▶ _Assignment_:
The answer is all of the entries below, repeated exactly and free of pictures.

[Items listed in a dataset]
---------------

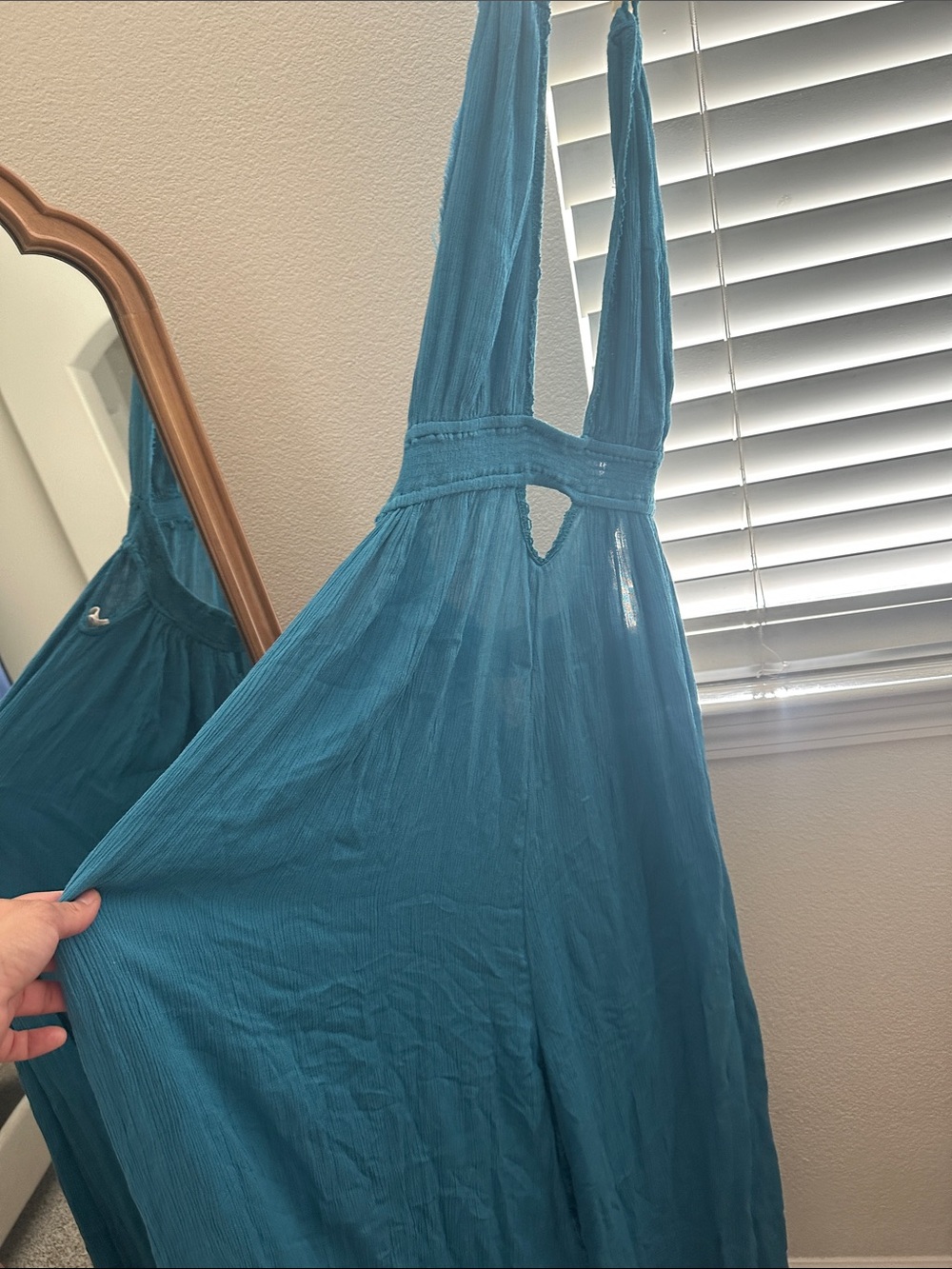 Free People Teal Crinkle Halter Maxi Dress
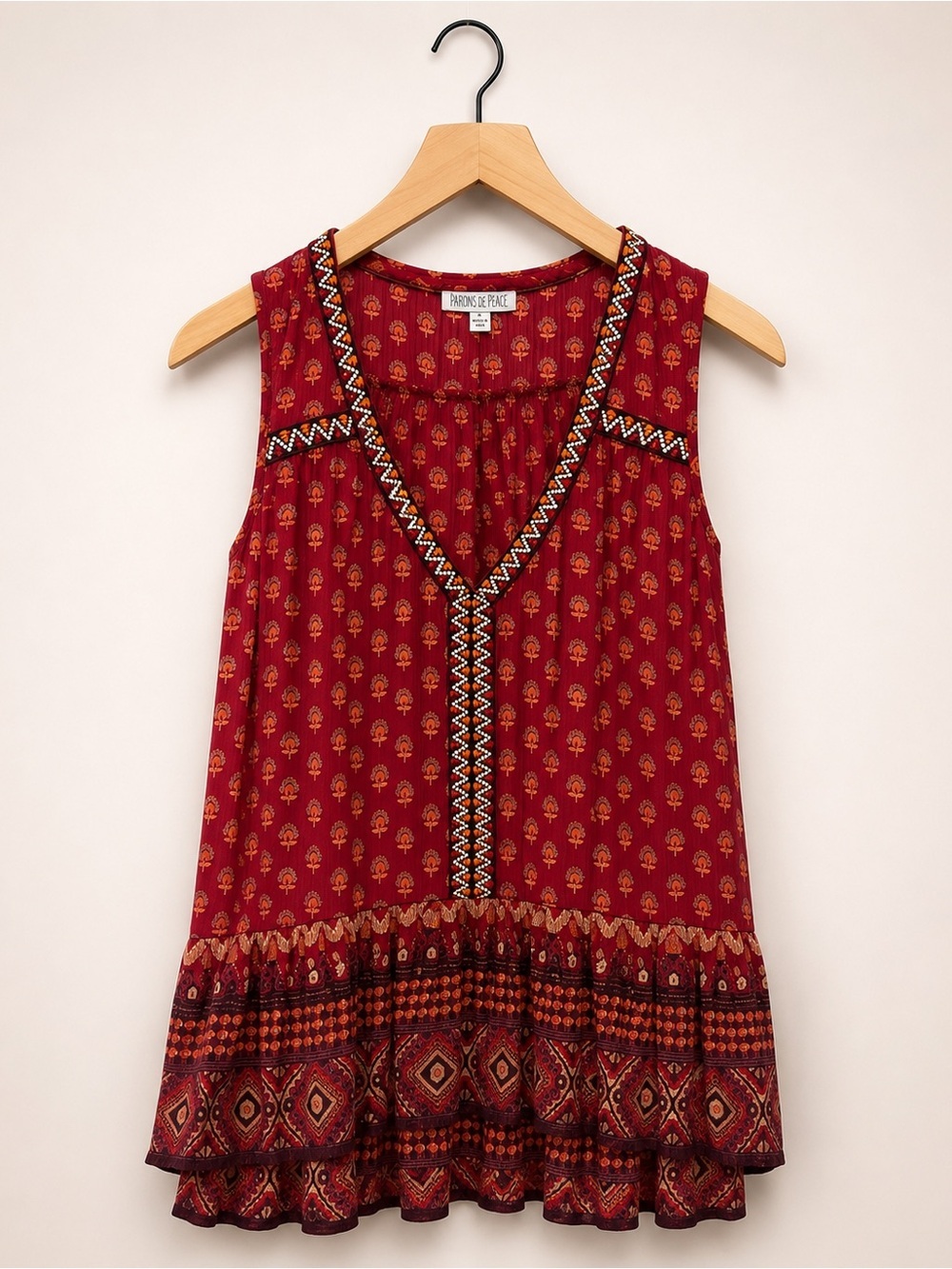 Patrons of Peace Red Sleeveless V-Neck Tank (311)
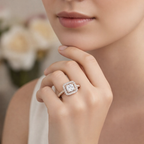 Luxe Square Halo Diamond Ring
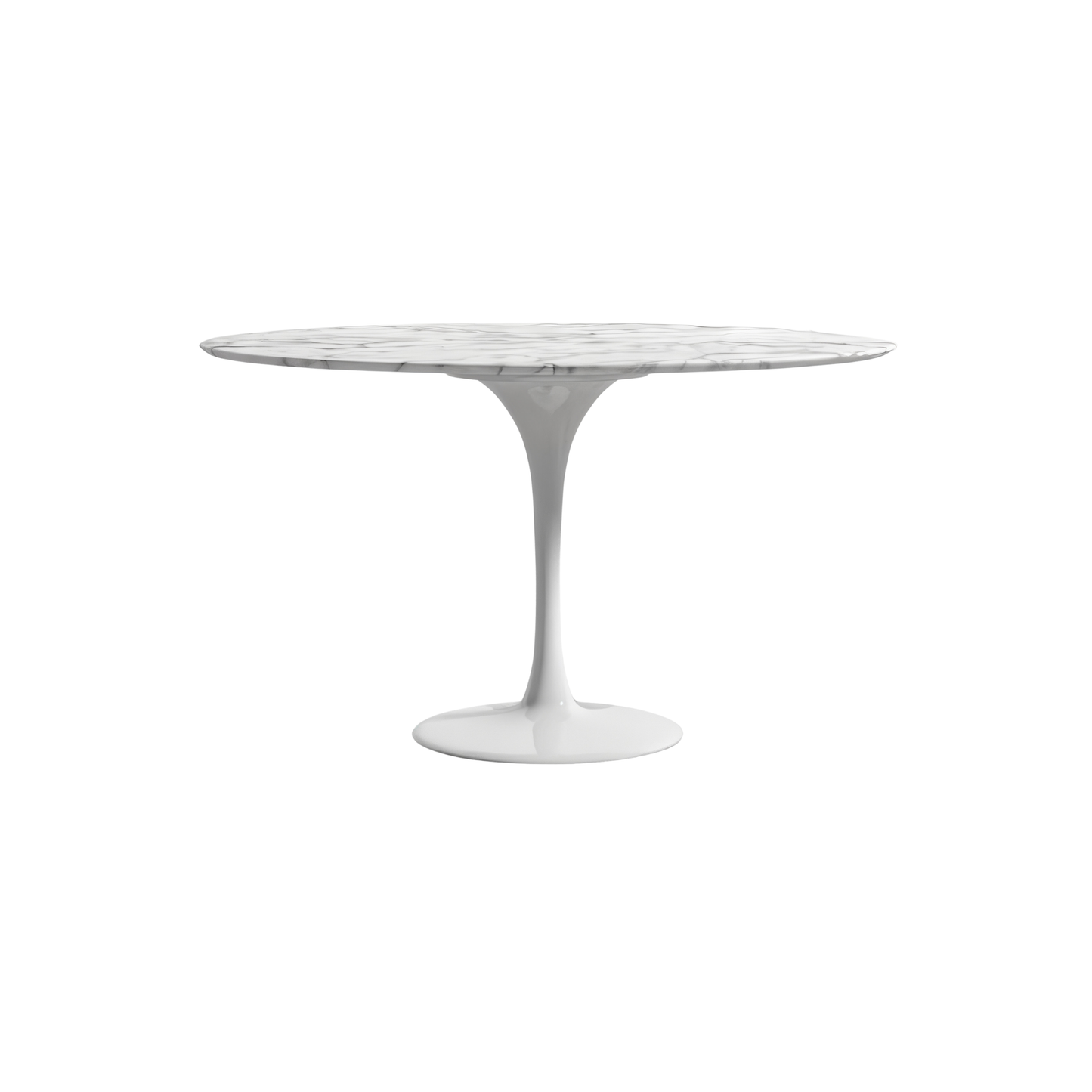 Round marble Tulip table with a white pedestal base on a white background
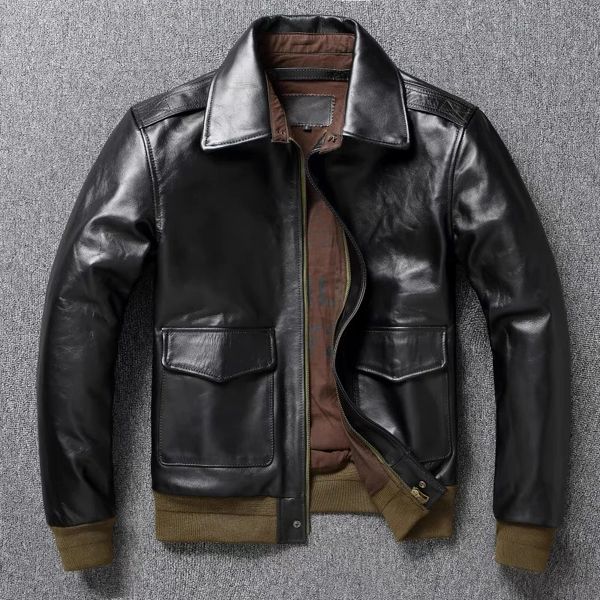 Vestes pour hommes A2 Bomber Jacket Tea Core Horse Cuir Recadrée Moto Naturel Manteau Lâche Militaire 231107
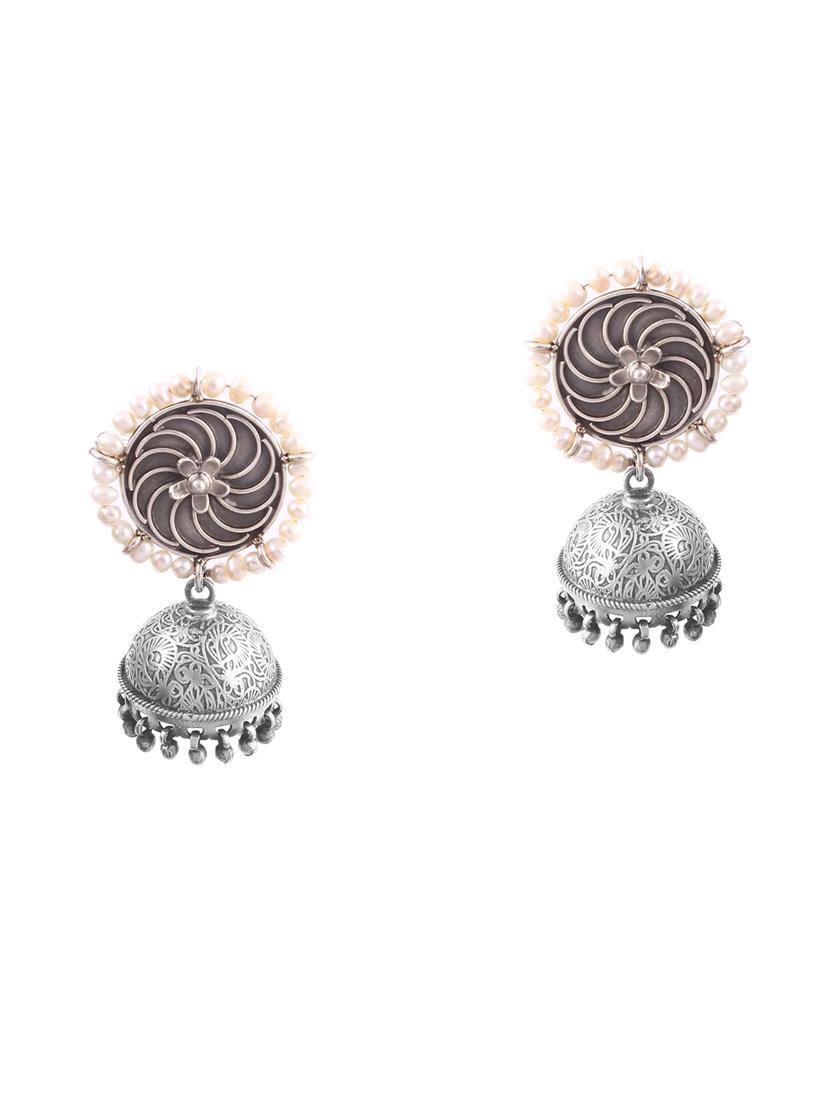 silver adorable floral statement stud jhumki - 18182612 - Zoom Image - 0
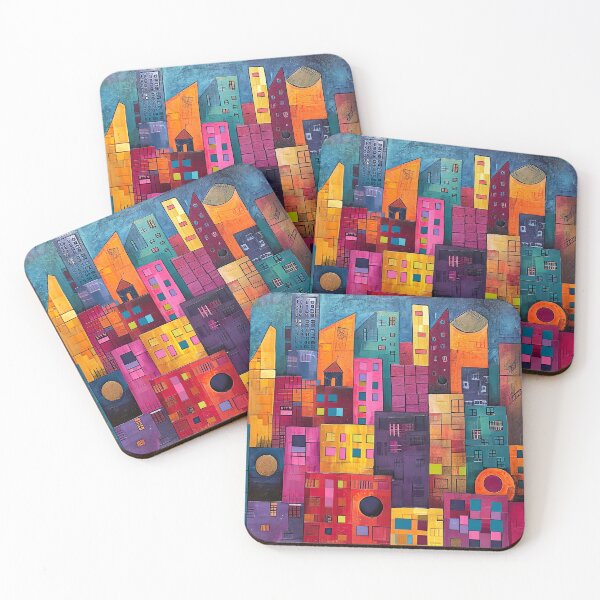 Item preview, Colorful Buildings - Cubism designed and sold by KootenayDesigns.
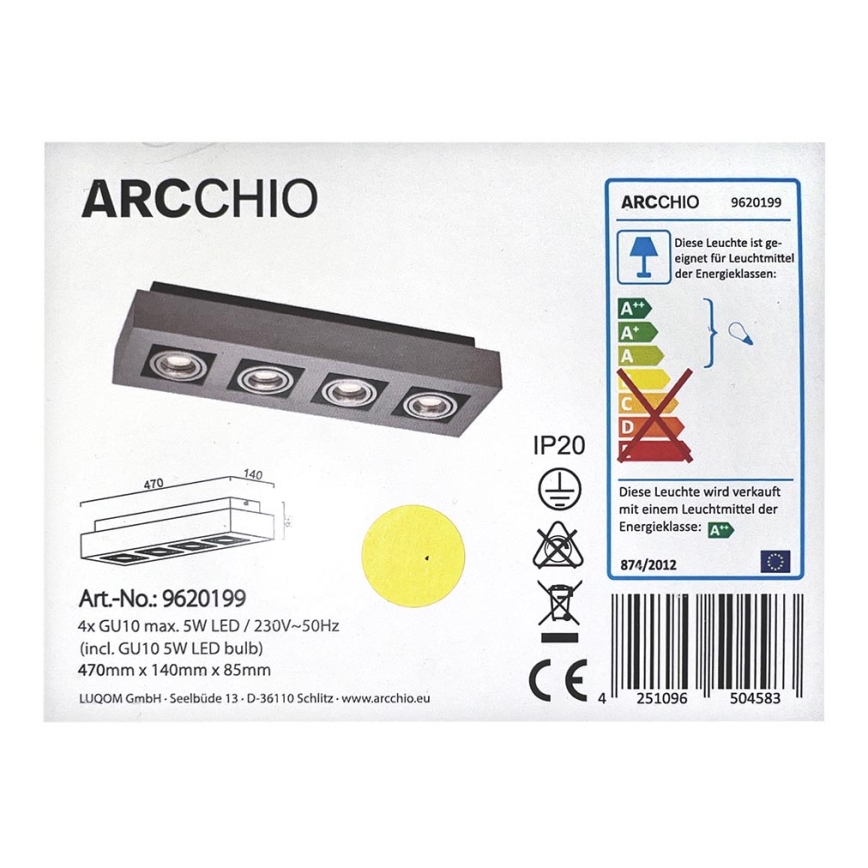 Arcchio - LED Spot VINCE 4xGU10/5W/230V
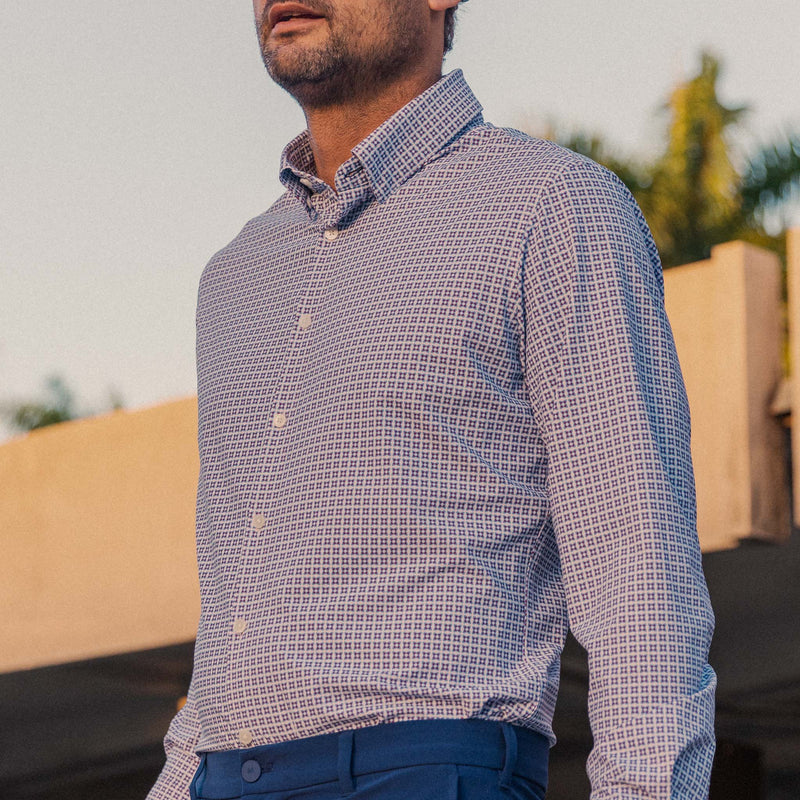 Monaco Dress Shirt - Blue Red Geo Print, lifestyle/model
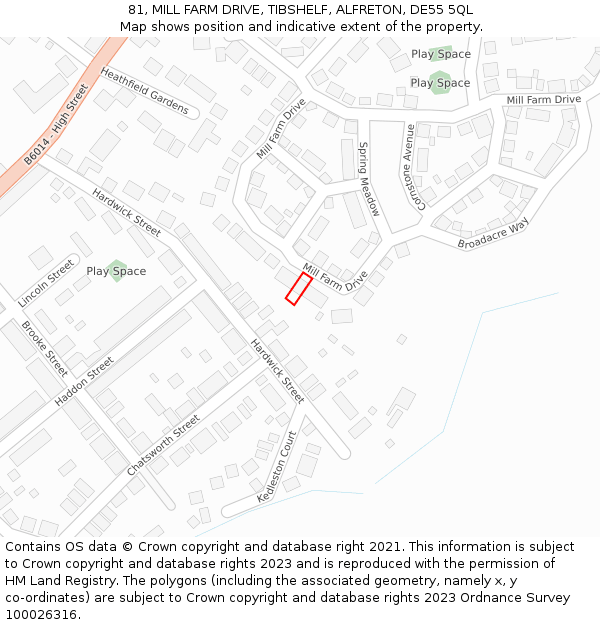 81, MILL FARM DRIVE, TIBSHELF, ALFRETON, DE55 5QL: Location map and indicative extent of plot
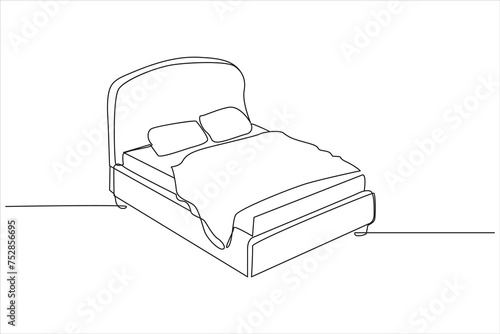 double bed in Continuous one line drawing. Modern loft furniture for the bedroom in a minimalist single-line style. vector illustration 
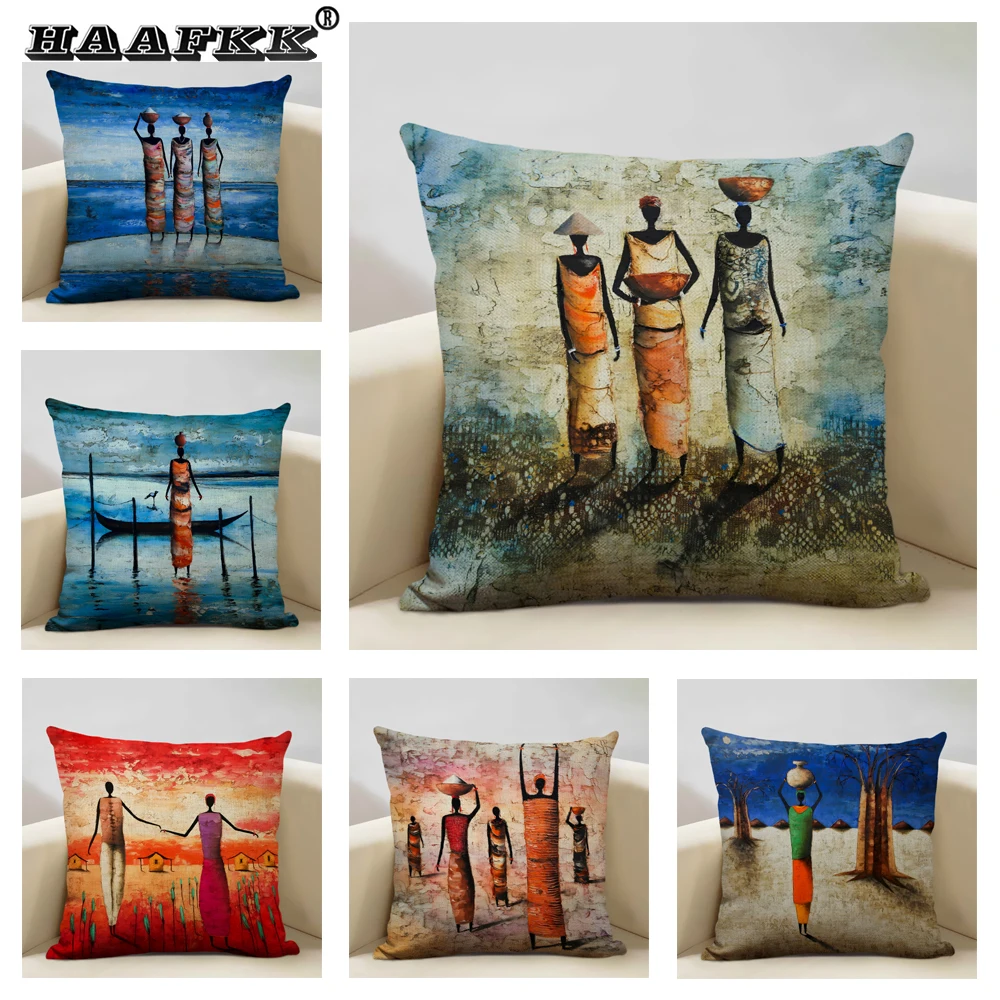 

African Oil Painting Art Pillow Case Living Room Sofa Decoration Cushion Cover Linen Pillowcase Double Side Printing 45x45cm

---------------

▶ _Answer space_:
 Free People Teal Crinkle Halter Maxi Dress
 Patrons of Peace Red Sleeveless V-Neck Tank (311)
 Luxe Square Halo Diamond Ring
 Round marble Tulip table with a white pedestal base on a white background
 Vestes pour hommes A2 Bomber Jacket Tea Core Horse Cuir Recadrée Moto Naturel Manteau Lâche Militaire 231107
 silver adorable floral statement stud jhumki - 18182612 - Zoom Image - 0
 Item preview, Colorful Buildings - Cubism designed and sold by KootenayDesigns.
 Arcchio - LED Spot VINCE 4xGU10/5W/230V
 Monaco Dress Shirt - Blue Red Geo Print, lifestyle/model
 81, MILL FARM DRIVE, TIBSHELF, ALFRETON, DE55 5QL: Location map and indicative extent of plot
 double bed in Continuous one line drawing. Modern loft furniture for the bedroom in a minimalist single-line style. vector illustration 

African Oil Painting Art Pillow Case Living Room Sofa Decoration Cushion Cover Linen Pillowcase Double Side Printing 45x45cm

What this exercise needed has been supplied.